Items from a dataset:

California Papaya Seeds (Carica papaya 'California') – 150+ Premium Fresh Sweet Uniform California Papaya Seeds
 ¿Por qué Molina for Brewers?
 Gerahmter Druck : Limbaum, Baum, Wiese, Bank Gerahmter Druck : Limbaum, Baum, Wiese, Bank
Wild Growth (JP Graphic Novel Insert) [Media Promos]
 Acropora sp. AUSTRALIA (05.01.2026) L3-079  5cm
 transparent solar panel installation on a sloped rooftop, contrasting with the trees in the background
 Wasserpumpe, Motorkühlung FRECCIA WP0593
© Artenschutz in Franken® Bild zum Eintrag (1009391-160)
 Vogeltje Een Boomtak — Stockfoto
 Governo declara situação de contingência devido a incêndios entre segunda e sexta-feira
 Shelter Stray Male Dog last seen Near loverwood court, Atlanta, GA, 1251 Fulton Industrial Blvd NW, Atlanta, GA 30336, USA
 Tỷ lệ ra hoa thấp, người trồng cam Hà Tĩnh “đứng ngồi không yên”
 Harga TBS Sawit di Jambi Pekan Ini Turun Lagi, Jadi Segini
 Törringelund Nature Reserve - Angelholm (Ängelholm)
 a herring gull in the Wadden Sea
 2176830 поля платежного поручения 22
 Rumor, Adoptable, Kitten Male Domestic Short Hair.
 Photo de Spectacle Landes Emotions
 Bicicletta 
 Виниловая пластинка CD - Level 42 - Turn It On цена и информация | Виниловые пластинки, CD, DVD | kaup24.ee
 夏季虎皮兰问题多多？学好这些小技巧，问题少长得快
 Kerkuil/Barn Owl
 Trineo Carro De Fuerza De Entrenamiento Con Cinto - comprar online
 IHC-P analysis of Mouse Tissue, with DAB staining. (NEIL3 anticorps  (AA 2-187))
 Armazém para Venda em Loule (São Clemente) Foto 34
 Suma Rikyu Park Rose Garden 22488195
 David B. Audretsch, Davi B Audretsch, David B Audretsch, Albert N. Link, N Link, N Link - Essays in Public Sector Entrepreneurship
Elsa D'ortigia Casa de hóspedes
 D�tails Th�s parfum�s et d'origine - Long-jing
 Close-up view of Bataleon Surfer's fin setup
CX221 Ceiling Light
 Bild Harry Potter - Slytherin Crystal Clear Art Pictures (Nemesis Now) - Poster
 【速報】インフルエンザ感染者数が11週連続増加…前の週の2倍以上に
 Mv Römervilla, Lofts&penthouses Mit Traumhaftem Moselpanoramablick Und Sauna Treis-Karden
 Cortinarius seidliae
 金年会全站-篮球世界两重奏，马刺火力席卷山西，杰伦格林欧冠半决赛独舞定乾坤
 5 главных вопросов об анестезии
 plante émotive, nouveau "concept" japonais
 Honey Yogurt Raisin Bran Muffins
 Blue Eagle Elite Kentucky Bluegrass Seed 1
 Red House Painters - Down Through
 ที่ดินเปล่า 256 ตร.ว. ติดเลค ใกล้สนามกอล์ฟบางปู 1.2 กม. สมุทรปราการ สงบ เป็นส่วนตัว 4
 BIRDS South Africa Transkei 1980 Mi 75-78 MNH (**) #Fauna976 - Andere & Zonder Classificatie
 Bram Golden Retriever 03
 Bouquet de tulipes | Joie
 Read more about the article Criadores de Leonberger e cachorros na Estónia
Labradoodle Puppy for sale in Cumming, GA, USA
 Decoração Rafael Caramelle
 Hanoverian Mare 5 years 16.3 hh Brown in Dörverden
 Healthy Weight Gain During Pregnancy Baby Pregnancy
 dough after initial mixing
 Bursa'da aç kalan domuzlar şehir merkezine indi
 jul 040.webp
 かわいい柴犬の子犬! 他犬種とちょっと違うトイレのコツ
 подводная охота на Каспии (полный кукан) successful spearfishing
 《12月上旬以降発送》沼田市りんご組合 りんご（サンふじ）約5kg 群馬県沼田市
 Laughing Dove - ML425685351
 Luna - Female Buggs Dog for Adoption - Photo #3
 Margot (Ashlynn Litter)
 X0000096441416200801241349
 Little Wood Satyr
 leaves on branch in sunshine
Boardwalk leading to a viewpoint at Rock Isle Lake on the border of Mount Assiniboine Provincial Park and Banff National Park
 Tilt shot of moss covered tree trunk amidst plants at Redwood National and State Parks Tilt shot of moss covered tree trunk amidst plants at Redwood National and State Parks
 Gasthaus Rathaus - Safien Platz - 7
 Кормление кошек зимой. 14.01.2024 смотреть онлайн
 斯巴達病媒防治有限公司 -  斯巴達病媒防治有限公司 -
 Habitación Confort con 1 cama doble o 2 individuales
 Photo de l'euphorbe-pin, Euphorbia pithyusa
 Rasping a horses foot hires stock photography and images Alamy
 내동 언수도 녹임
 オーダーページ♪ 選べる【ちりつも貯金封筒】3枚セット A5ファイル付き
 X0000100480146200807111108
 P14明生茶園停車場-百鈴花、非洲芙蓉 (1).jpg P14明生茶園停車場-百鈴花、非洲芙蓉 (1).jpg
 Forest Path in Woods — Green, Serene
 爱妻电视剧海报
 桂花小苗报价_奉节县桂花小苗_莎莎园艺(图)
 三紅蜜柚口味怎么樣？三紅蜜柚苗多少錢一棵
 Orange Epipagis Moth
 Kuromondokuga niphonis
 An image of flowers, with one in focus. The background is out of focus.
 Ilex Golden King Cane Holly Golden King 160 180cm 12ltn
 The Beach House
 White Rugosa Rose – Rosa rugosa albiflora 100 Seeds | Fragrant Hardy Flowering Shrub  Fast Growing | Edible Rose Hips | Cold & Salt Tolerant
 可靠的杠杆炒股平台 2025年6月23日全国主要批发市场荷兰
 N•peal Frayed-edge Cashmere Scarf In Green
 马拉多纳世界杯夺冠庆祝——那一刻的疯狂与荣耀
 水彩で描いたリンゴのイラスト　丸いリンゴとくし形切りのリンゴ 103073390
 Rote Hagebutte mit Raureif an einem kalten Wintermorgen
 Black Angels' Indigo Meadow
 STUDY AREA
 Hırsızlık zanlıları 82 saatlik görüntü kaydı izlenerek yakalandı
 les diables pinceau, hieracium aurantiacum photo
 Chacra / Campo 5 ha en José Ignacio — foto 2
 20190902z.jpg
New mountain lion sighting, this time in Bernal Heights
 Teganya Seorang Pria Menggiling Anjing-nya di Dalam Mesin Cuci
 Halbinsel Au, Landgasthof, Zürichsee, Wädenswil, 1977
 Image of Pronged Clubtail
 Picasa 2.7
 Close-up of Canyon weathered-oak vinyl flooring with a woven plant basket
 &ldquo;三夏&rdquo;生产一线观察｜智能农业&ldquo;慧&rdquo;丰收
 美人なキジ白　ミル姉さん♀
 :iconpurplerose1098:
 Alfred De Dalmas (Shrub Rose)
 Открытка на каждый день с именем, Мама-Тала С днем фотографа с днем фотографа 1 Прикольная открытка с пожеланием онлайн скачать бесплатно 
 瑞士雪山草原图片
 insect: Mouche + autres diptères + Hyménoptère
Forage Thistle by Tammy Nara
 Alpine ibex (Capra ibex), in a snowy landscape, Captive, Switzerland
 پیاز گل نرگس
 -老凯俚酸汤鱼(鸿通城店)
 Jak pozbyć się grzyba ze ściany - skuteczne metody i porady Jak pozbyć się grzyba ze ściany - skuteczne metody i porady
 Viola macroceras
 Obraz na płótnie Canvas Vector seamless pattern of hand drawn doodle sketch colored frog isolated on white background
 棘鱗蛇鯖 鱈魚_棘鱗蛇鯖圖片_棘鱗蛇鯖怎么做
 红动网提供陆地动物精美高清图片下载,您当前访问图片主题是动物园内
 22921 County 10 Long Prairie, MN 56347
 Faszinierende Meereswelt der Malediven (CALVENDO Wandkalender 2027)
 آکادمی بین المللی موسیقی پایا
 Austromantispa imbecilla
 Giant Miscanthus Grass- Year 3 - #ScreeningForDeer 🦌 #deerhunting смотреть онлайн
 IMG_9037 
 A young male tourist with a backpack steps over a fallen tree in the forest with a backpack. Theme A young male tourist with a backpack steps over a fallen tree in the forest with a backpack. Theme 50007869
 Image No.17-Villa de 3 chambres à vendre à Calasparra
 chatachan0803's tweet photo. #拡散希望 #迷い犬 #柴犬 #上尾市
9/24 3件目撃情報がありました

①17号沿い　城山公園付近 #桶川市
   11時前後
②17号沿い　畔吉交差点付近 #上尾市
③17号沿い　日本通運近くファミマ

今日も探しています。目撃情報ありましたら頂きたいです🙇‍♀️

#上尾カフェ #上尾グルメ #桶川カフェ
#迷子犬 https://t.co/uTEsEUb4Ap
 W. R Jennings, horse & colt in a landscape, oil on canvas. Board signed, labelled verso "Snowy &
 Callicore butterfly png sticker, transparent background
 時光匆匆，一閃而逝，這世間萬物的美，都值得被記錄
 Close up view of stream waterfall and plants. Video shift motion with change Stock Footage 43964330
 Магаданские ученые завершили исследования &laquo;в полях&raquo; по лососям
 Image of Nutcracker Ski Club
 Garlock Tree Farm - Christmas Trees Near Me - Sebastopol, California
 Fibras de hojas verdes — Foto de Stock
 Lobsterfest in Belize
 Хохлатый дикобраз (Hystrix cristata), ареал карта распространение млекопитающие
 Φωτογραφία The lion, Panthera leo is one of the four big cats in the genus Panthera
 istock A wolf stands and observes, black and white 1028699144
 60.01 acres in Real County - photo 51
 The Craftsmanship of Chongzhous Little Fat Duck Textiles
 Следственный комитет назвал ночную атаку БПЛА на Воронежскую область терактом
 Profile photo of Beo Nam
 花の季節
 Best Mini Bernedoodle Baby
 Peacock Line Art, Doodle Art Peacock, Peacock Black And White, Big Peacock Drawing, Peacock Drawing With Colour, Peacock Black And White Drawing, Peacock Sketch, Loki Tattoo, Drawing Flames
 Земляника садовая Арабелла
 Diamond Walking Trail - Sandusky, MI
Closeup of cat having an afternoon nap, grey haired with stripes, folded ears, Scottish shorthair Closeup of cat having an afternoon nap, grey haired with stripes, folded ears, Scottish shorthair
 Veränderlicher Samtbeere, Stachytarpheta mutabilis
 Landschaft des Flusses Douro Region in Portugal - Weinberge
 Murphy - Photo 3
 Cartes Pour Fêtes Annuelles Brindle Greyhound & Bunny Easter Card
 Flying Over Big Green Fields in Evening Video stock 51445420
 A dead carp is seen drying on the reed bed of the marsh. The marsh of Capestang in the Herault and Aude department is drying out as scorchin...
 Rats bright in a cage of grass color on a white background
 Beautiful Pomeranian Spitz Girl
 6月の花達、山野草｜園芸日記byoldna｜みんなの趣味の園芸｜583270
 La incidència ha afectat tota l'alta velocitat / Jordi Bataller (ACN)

EXERCISE GOAL:
What you give back should be only the lines of the records above, starting at the line with "#上尾カフェ #上尾グルメ #桶川カフェ" and ending at the line with "Flying Over Big", restated word for word.

RESULT:
#上尾カフェ #上尾グルメ #桶川カフェ
#迷子犬 https://t.co/uTEsEUb4Ap
 W. R Jennings, horse & colt in a landscape, oil on canvas. Board signed, labelled verso "Snowy &
 Callicore butterfly png sticker, transparent background
 時光匆匆，一閃而逝，這世間萬物的美，都值得被記錄
 Close up view of stream waterfall and plants. Video shift motion with change Stock Footage 43964330
 Магаданские ученые завершили исследования &laquo;в полях&raquo; по лососям
 Image of Nutcracker Ski Club
 Garlock Tree Farm - Christmas Trees Near Me - Sebastopol, California
 Fibras de hojas verdes — Foto de Stock
 Lobsterfest in Belize
 Хохлатый дикобраз (Hystrix cristata), ареал карта распространение млекопитающие
 Φωτογραφία The lion, Panthera leo is one of the four big cats in the genus Panthera
 istock A wolf stands and observes, black and white 1028699144
 60.01 acres in Real County - photo 51
 The Craftsmanship of Chongzhous Little Fat Duck Textiles
 Следственный комитет назвал ночную атаку БПЛА на Воронежскую область терактом
 Profile photo of Beo Nam
 花の季節
 Best Mini Bernedoodle Baby
 Peacock Line Art, Doodle Art Peacock, Peacock Black And White, Big Peacock Drawing, Peacock Drawing With Colour, Peacock Black And White Drawing, Peacock Sketch, Loki Tattoo, Drawing Flames
 Земляника садовая Арабелла
 Diamond Walking Trail - Sandusky, MI
Closeup of cat having an afternoon nap, grey haired with stripes, folded ears, Scottish shorthair Closeup of cat having an afternoon nap, grey haired with stripes, folded ears, Scottish shorthair
 Veränderlicher Samtbeere, Stachytarpheta mutabilis
 Landschaft des Flusses Douro Region in Portugal - Weinberge
 Murphy - Photo 3
 Cartes Pour Fêtes Annuelles Brindle Greyhound & Bunny Easter Card
 Flying Over Big Green Fields in Evening Video stock 51445420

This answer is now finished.